* [Record set]:
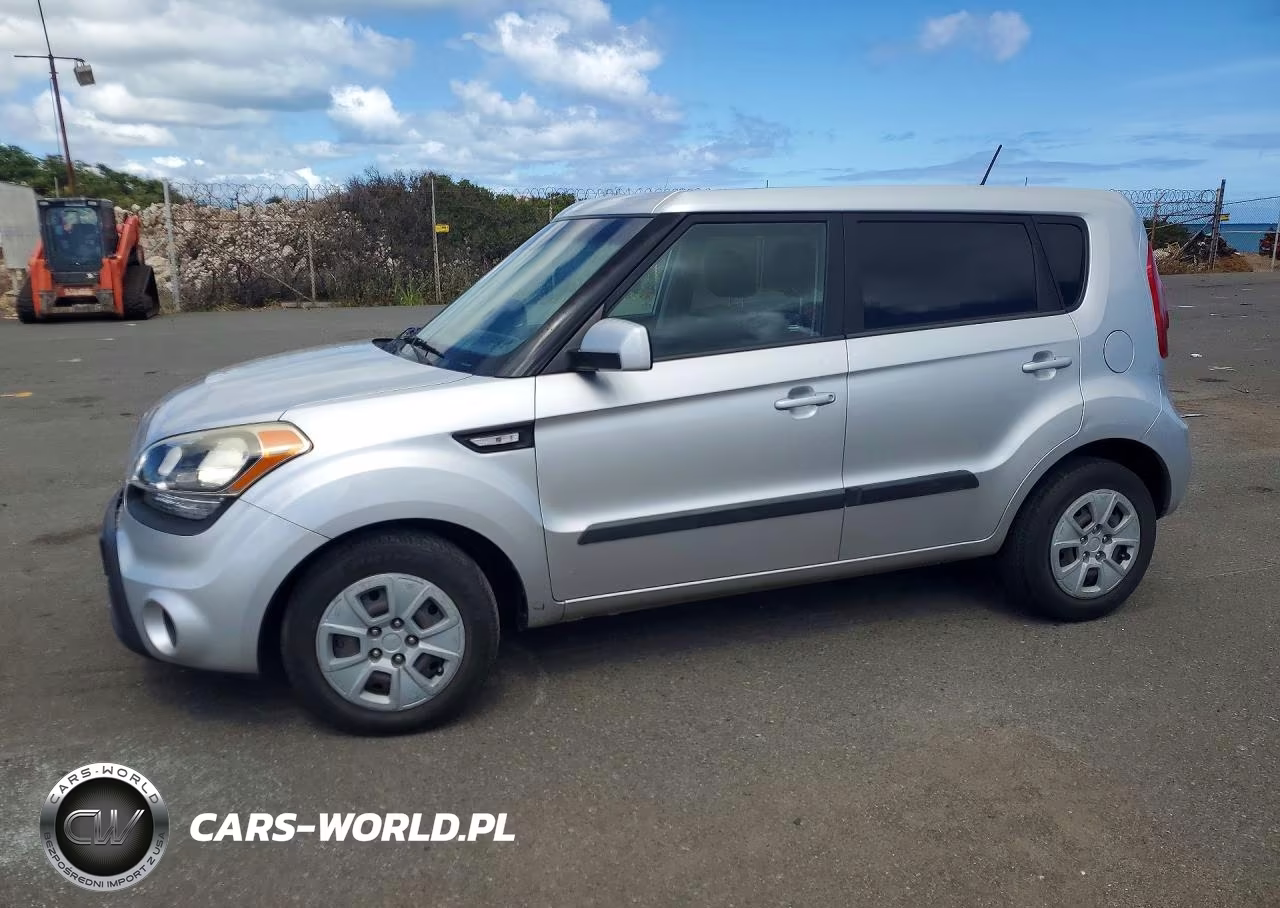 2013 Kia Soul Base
...
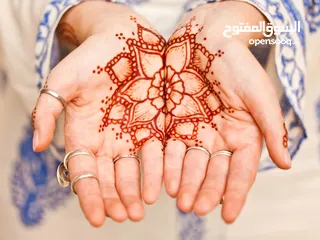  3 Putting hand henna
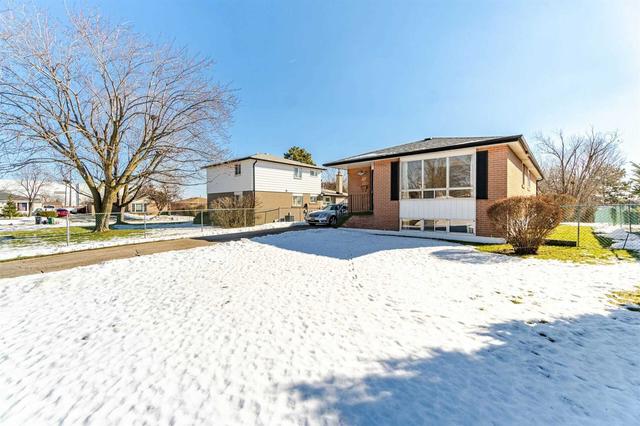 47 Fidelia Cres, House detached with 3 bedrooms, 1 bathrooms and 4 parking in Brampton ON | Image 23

* [The problem]:
Among the entries above, find the line with "3 Putting hand henna" and repeat exactly from there through the line with "47 Fidelia Cres, House", leaving out the pictures.

* [Response]:
  3 Putting hand henna
 47 Fidelia Cres, House detached with 3 bedrooms, 1 bathrooms and 4 parking in Brampton ON | Image 23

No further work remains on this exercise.